From an audience perspective, it is a sign of cultural arrogance to think of them as dumb or less than bright because they enjoyed McKuen's writings and songs. The bald truth of the matter is that academics and the self-assigned elite readership of "quality" poetry (a set of poets that varies, depending on what kind of critical codification you prefer) read poems for the same reasons, to find in words, something that corresponds with their own experience and the inchoate emotions that are the result of them. Many feelings are hard to put into words, even for the savviest of tongue and wit. Poets have been the Culture's traditional medium for being the antennae of the race, gathering half-thoughts, conflicting urgencies,  the ironic ordering things that don't jibe in how we view the world, the whole play of happy/sad/ambivalent and getting it all in writing;  the goal is to speak to people about things that they cannot talk about themselves. Though poetry is also a medium that wants to speak of things inexpressible in unforgettable terms.  That is where it becomes an art, which requires more reflection, deeper consideration, better word choice, and image creation to make a reader feel more than mere happiness. It also requires a higher critical vocabulary to parse the poems, which is an irony in itself; the language created to discuss the movement of more challenging stanzas is as abstract, obtuse, as difficult poems themselves. 
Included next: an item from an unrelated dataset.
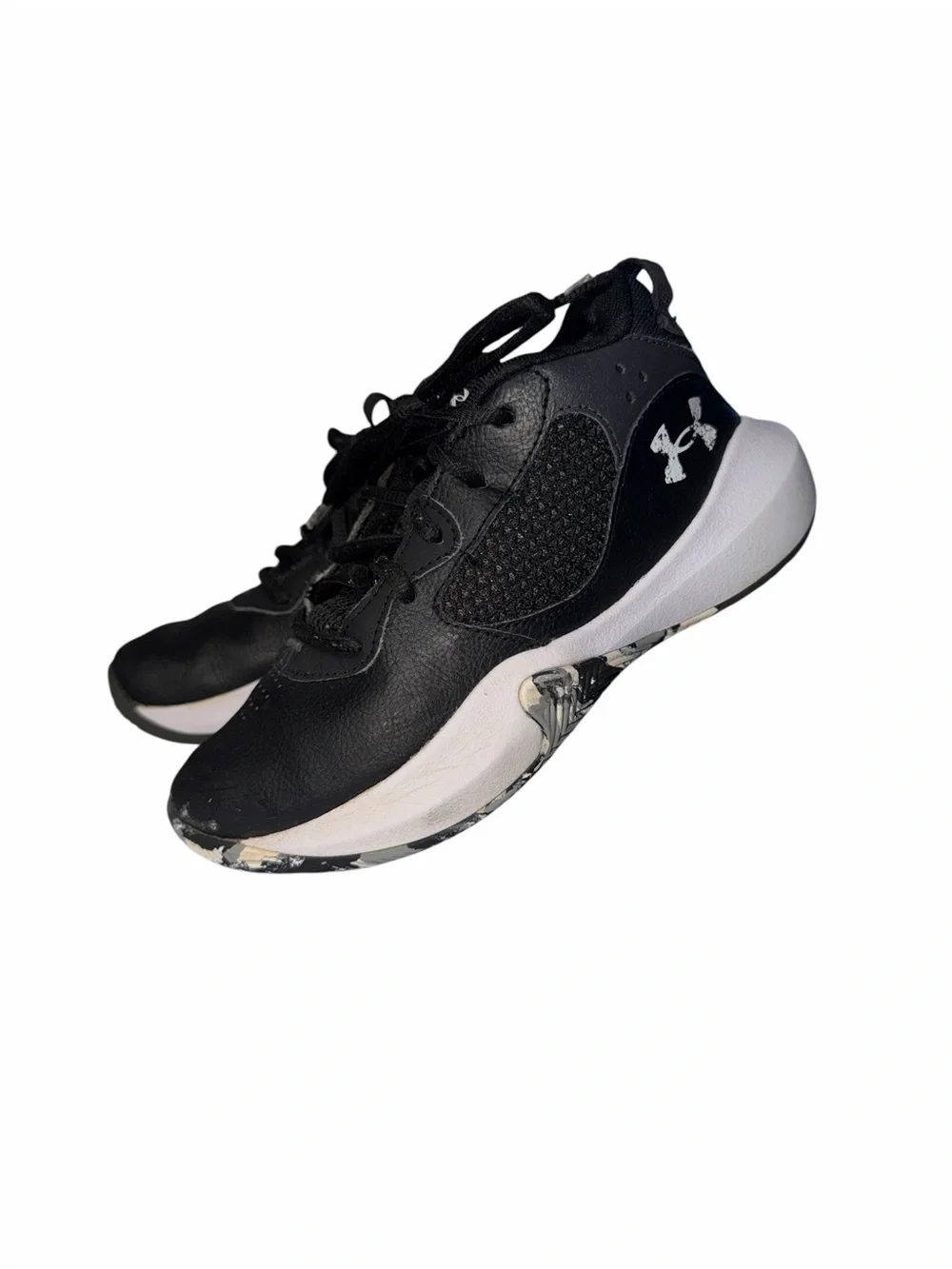 Under Armour Lockdown 6 Grade School Kid’s Athletic Sneakers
So, poetry, as a form, does not win in this discussion.  McKuen was sincere in his quest to get at those things he needed to clarify for himself. Still, I am convinced that he became a salesman as much as an artist (in a sense) over time, representing Rod McKuen Inc. Over the decades, I poked my nose into the unending stream of books he produced with stunning regularity and concluded that he had stopped any honest writing years ago and was composing verse he knew his audience wanted. He was writing for the marketplace, whether he was aware of it or not. But while McKuen can be listed as a trader in the mawkish, the trite, the bathos-ridden, one cannot with ease point toward a commonly agreed-upon example as to what constitutes a clear and substantial alternative in the quality field. Billy Collins and the wonderful Dorianne Laux come easily to mind. However, both skilled with accessible senses of language and the additional sense of writing about what's recognizable in one's life and helping a reader through a series of perceptions where their world is more extraordinary than it was before. Their likes are rare, too rare, though, in the field of poets with followings--the notion of quality poets is an idea that is a muddy pond.  
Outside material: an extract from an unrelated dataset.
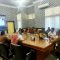 Foto : Pj Bupati Tapanuli Tengah (Tapteng), Dr. Sugeng Riyanta, SH., MH bersama Tim Pengendalian Inflasi Daerah (TPID) saat mengikuti Rapat Koordinasi (Rakor) Pengendalian Inflasi Daerah  secara virtual melalui Zoom Meeting di Ruang Rapat Garuda Kantor Bupati Tapteng, Senin (29/1/2024).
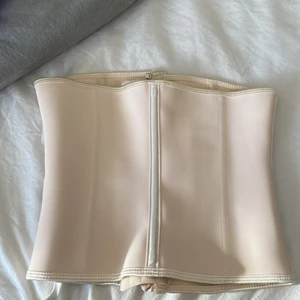 Korsett  - En beige korsett från hm som är köpt på sellpy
While I enjoy a good many "difficult poets," I have to say that mine is the situation shared with academics and the self-appointed readership elite I've already mentioned; I know the critical language, I know the theories, I know the standards of consideration. It's a trap that one cannot see they're falling into which bedevils Modern Art across the board, in writing, visual art, what have you:  you cannot "see" (or "get") unless you "know" the theory and the historical forces that have brewed and seduced each other to make that theory possible. Knowing the rap about an art that is, by definition, supposed to deal with hard-to-express perceptions is more important than either the art and, most tragically, the human life is supposed to augment and bring quality to. In this regard, McKuen wins the argument about the value of his work; he was awful as a poet, but the alternative was smug and something of a private club that few in our population found worth the bother to apply for membership in.